Like other novels by Patrick McCabe, both of the two main characters had troubled childhoods. The intertwining of the two results in the destruction of Raphael and the dramatic change of Malachy.

Malachy Dudgeon comes from a small suburban Irish town, from a dysfunctional family, existing under the guise of happiness, using the facade of happy Sunday mornings, whilst the adulteress mother and suicidal father continue to make devastating blows to their son, from which he never truly recovers, and chooses to escape into his world of imaginations, dreams and Americanisms.

On the other hand, Raphael Bell comes from a small rural Irish town, and is the apparent picture of perfection. Raphael constantly seeks attention, from singing: "Wee Hughie" at any available moment to succeeding at school. However Raphael's world is gravely affected when Black and Tan soldiers shoot his father in the chest before his eyes. From this moment on Raphael strives to uphold the virtues and traditions of old Ireland, and it is inevitably this inability to transgress and adjust into modern living that leads, unsurprisingly to his suicide.

The two protagonists become inextricably linked when Malachy joins the teaching staff at Raphael's prestigious boys boarding school, which he sees as his whole life's worth. An unfortunate science trip leads to the drowning of school boy, Pat Hourican and the unravelling of both Malachy and Raphael. Malachy loses his job, and then his girlfriend, Marion, to a wild member of a rock-band, and Raphael loses his job and mind, and then subsequently his wife, Nessa dies.

Whilst Malachy becomes a waster and alcoholic and moves to London, Raphael opens what he calls 'The Dead School'. With black bin bags at the windows and an uncontrollable amount of mess and disorder. He begins to teach imaginary classes about his own life, as madness becomes inherent in his everyday life.

As the novel concludes, Raphael's suicide occurs, as does his unattended funeral. Malachy returns to his hometown to care for his incapacitated mother, whom he once loathed, and there is a general air of depression, as the golden age of Ireland which Raphael had once loved is exchanged for stripjoints and graffiti.

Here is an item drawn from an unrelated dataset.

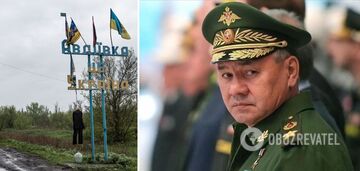Russia invented "active defense of Avdiivka" to hide the real situation - ISW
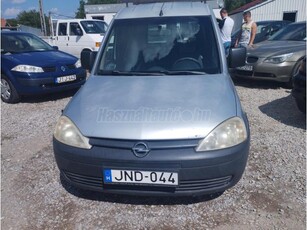 OPEL CORSA COMBO Cargo 1.3 CDTI kiváló motorral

A downright thing.

Throughout the novel the narrator becomes more of a character in his own right, making allusions to his opinions, which constantly change, as the omniscient voice chooses to blame a variety of people for the disastrous events. The colloquial narrative is also crucial in building the narrators persona, and also adds to the idea of base culture, something around which the novel is centered. Many critics have hailed McCabe's novel as a member, or rather cornerstone of the subgenre "Bog Gothic". This refers to the specialist Irish Gothic, which has been penned for McCabe's novels.